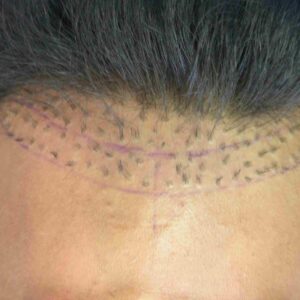 Hair Plugs vs Hair Transplant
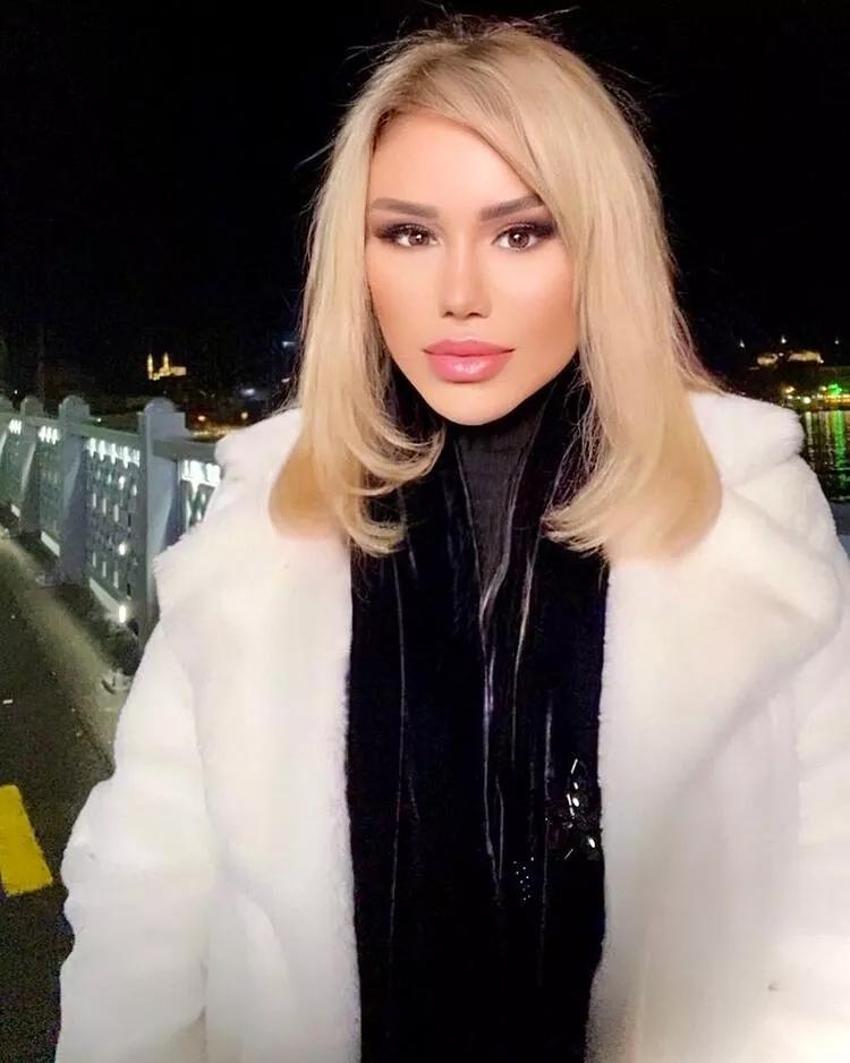 Ceylan estetiğin dozunu kaçırdı! 'Yüzünü hareket ettiremiyor'
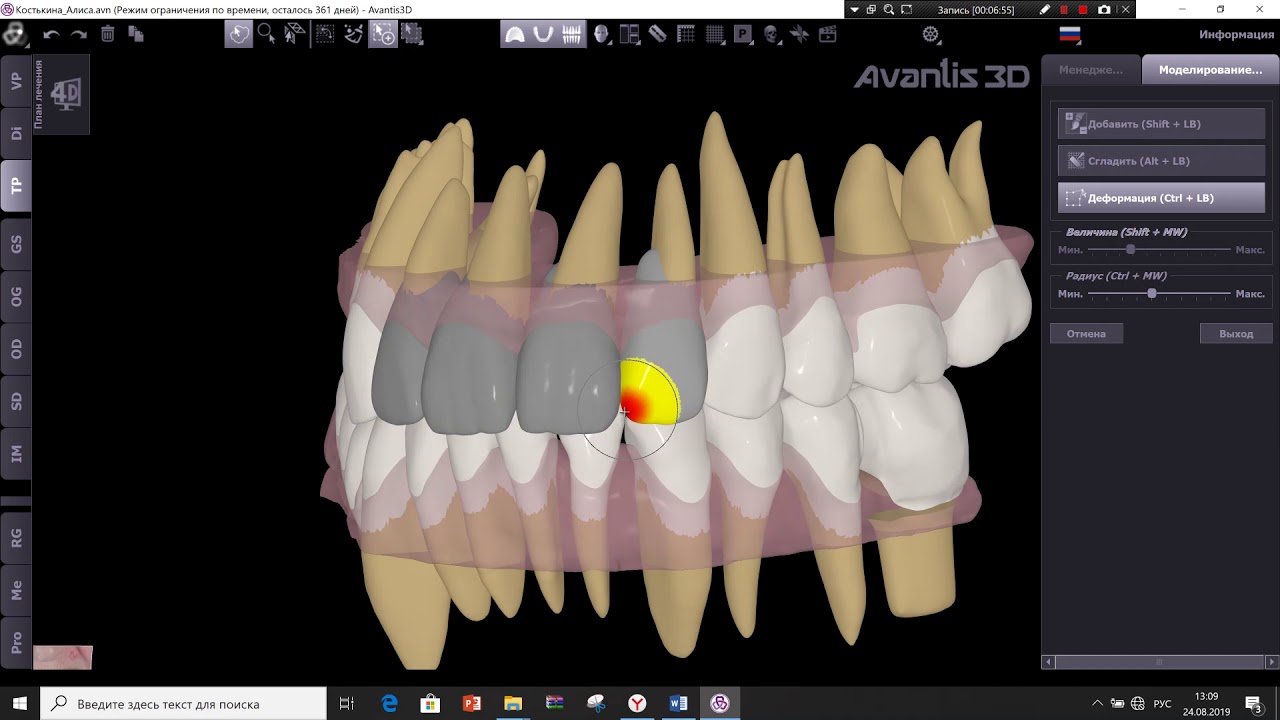 ПО для 3D моделирования зубов Avantis 3D.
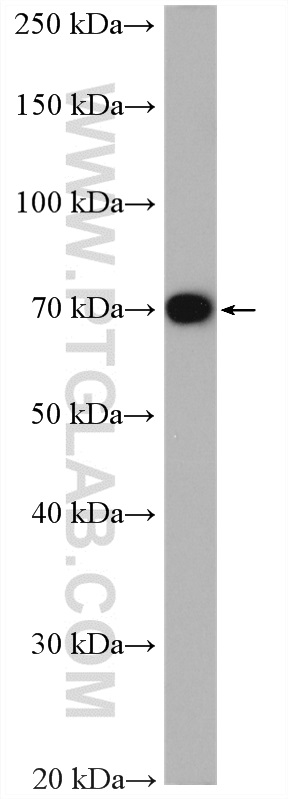 WB analysis of MCF-7 using 21107-1-AP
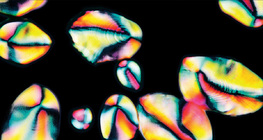 감자의 녹말 입자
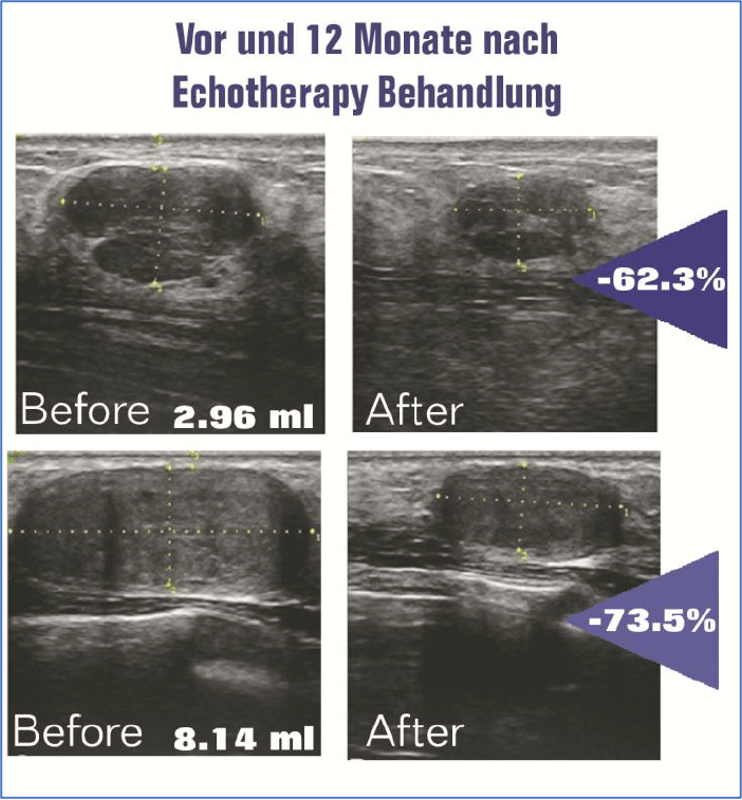 Fibroadenom vor und nach Echotherapie
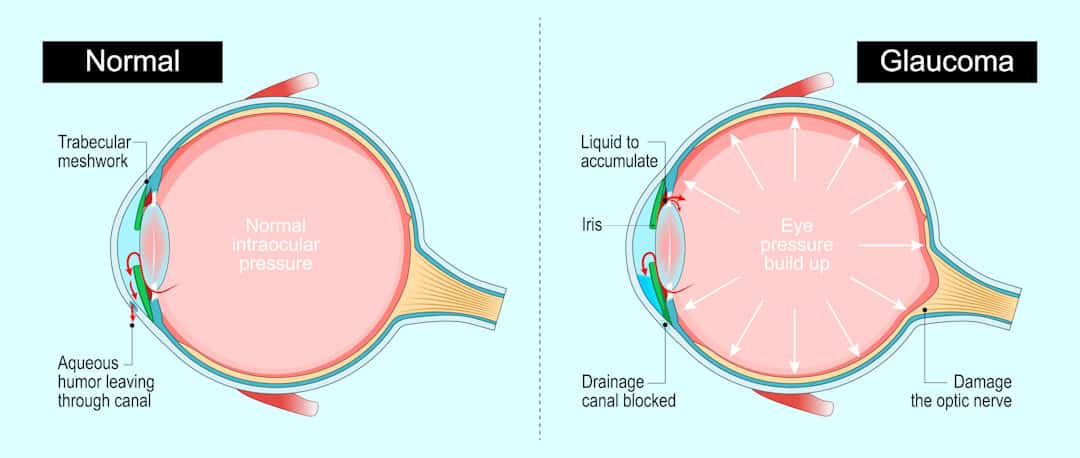 Illustration of normal eye pressure compared to eye with glaucoma increased IOP.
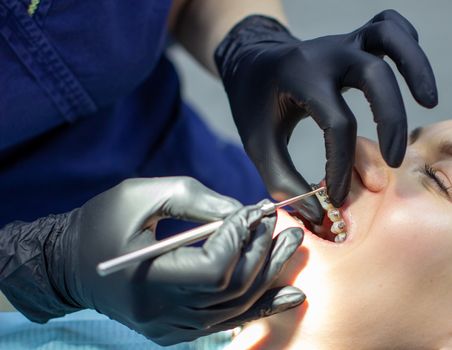 woman with braces visits an orthodontist, in a dental chair.during the procedure of installing the arch of braces on the upper and lower teeth.The dentist is wearing gloves and has tools in his hands.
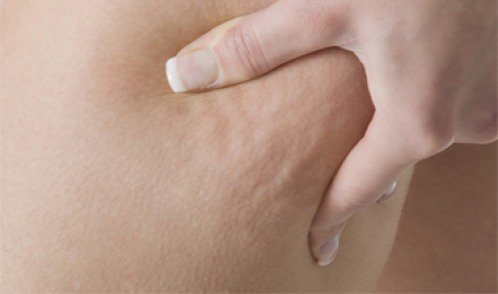 fight-cellulite fight cellulite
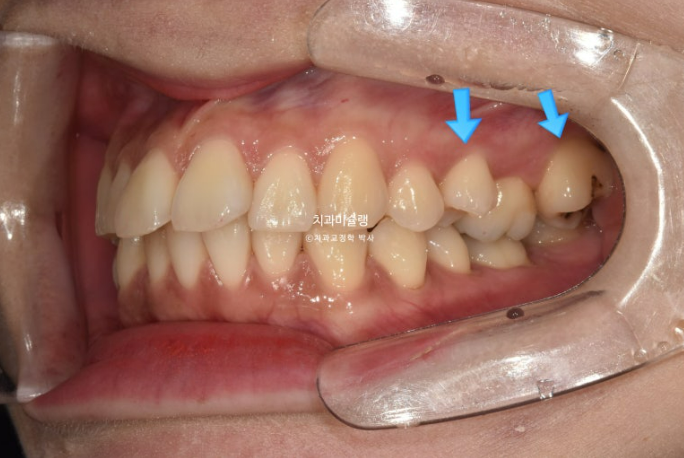 비발치 돌출입 인비절라인 교정 가위교합 중심선 맞추기 관련 이미지 4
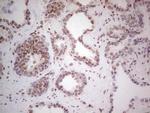 RARA Antibody in Immunohistochemistry (Paraffin) (IHC (P))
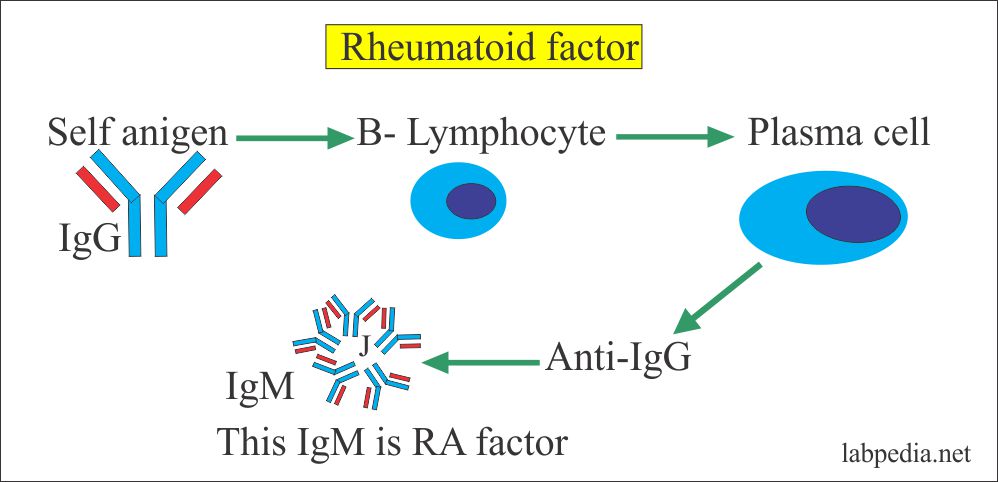 Rheumatoid Factor RF Rheumatoid Arthritis Factor RA Factor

——————

Problem requirements ::
Each entry is to be transcribed verbatim, and any picture in it is to be skipped.

Answer below ::
 Hair Plugs vs Hair Transplant
 Ceylan estetiğin dozunu kaçırdı! 'Yüzünü hareket ettiremiyor'
 ПО для 3D моделирования зубов Avantis 3D.
 WB analysis of MCF-7 using 21107-1-AP
 감자의 녹말 입자
 Fibroadenom vor und nach Echotherapie
 Illustration of normal eye pressure compared to eye with glaucoma increased IOP.
 woman with braces visits an orthodontist, in a dental chair.during the procedure of installing the arch of braces on the upper and lower teeth.The dentist is wearing gloves and has tools in his hands.
 fight-cellulite fight cellulite
 비발치 돌출입 인비절라인 교정 가위교합 중심선 맞추기 관련 이미지 4
 RARA Antibody in Immunohistochemistry (Paraffin) (IHC (P))
 Rheumatoid Factor RF Rheumatoid Arthritis Factor RA Factor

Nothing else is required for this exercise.